Early in Cubed, a detailed cultural history of how the office grew to become the definitive 20th-century workplace, Nikil Saval presents a mocking description of the stylish office worker, courtesy of Walt Whitman in 1856. At that time, non-manual labour accounted for a minority of jobs in the United States, and those who did spend their days in an office were often the source of derision.
As trade expanded across the US, the amount of clerical work increased. And as the number of people working in offices grew, the question arose of how to optimise efficiency and, in some cases, comfort in this new work climate. To start, Saval explains, many offices took a cue from the factory and lined desks up in long rows.
Then, in the early 20th century, two innovations emerged that would be recycled and reinterpreted in various ways over the next century.
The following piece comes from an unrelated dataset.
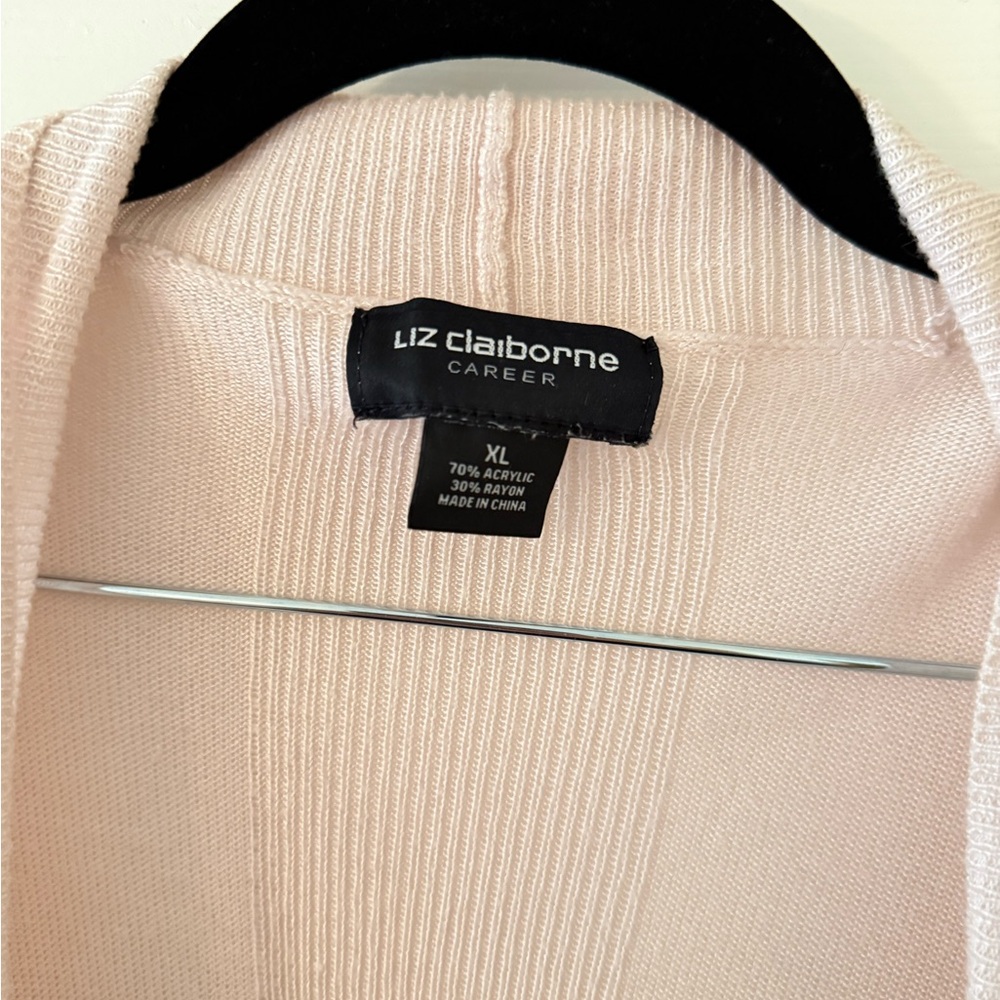 Liz Claiborne Blush Open-Front Women's Cardigan Sweater - Picture 3 of 3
The first arrived courtesy of Frederick Taylor, a consultant and theorist who made it his goal to remove all inefficiencies from the office and argued for an extreme division of labour to replace what was the more fluid work style of the old clerks, who worked in small offices of four or five people and were responsible for a wide variety of tasks. Taylor created the position of the manager.
The drive to get workers producing at highest capacity probably reached its apex with Robert Propst's Action Office in the 1960s. The Action Office was an open-concept space consisting of several different working spaces, including a desk that you sat at and a larger drafting table that you could stand over. Propst's second version of the Action Office added walls of different heights around the workspace.
Propst's ideas were received rapturously, heralded for finally allowing the office "to achieve the work utopia that it had always promised". The results, however, were hardly radical. The Action Office, which was meant to liberate workers and get them moving around the office, instead led to the proliferation of its stifling cousin-in-design: the cubicle.